EXERCISE:
Please transcribe only the lines from the one holding "2345截圖20191113140411.png" through the final line of the data, both included, with no pictures.

SOURCE DATA:
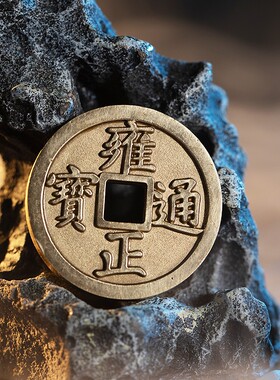 朱炳仁铜五帝钱门对门挂件窗户卫生间门口吉祥中国结铜钱古币玄学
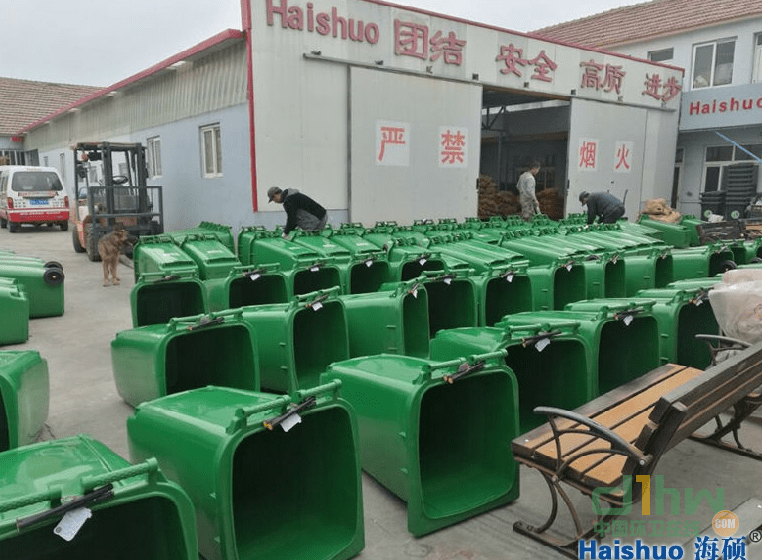2345截圖20191113140411.png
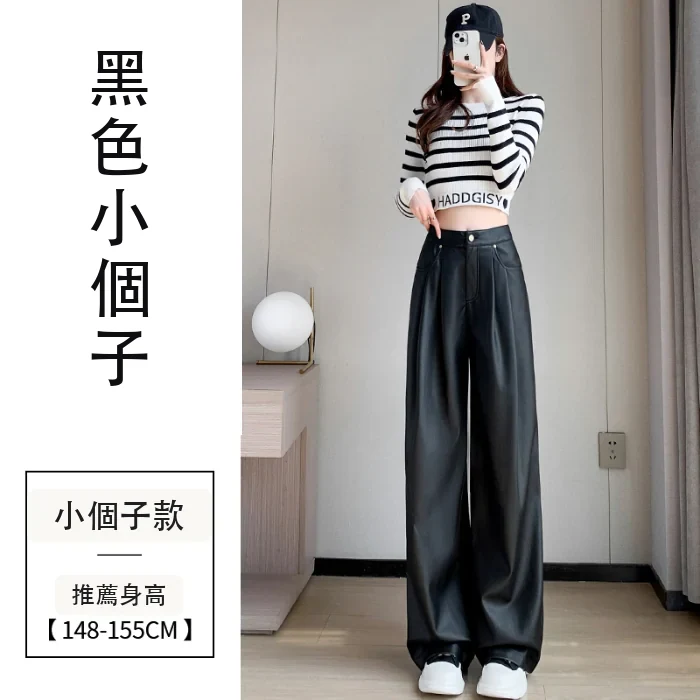皮褲秋冬加絨高腰休閒褲軟皮PU皮闊腿褲・18色/褲長 黑色小個子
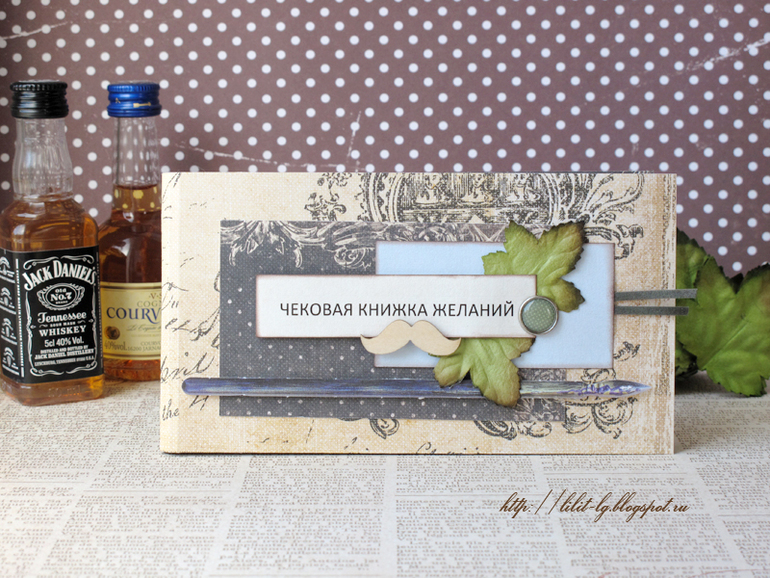 Чековая книжка желаний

EXERCISE RESULT:
2345截圖20191113140411.png
皮褲秋冬加絨高腰休閒褲軟皮PU皮闊腿褲・18色/褲長 黑色小個子
 Чековая книжка желаний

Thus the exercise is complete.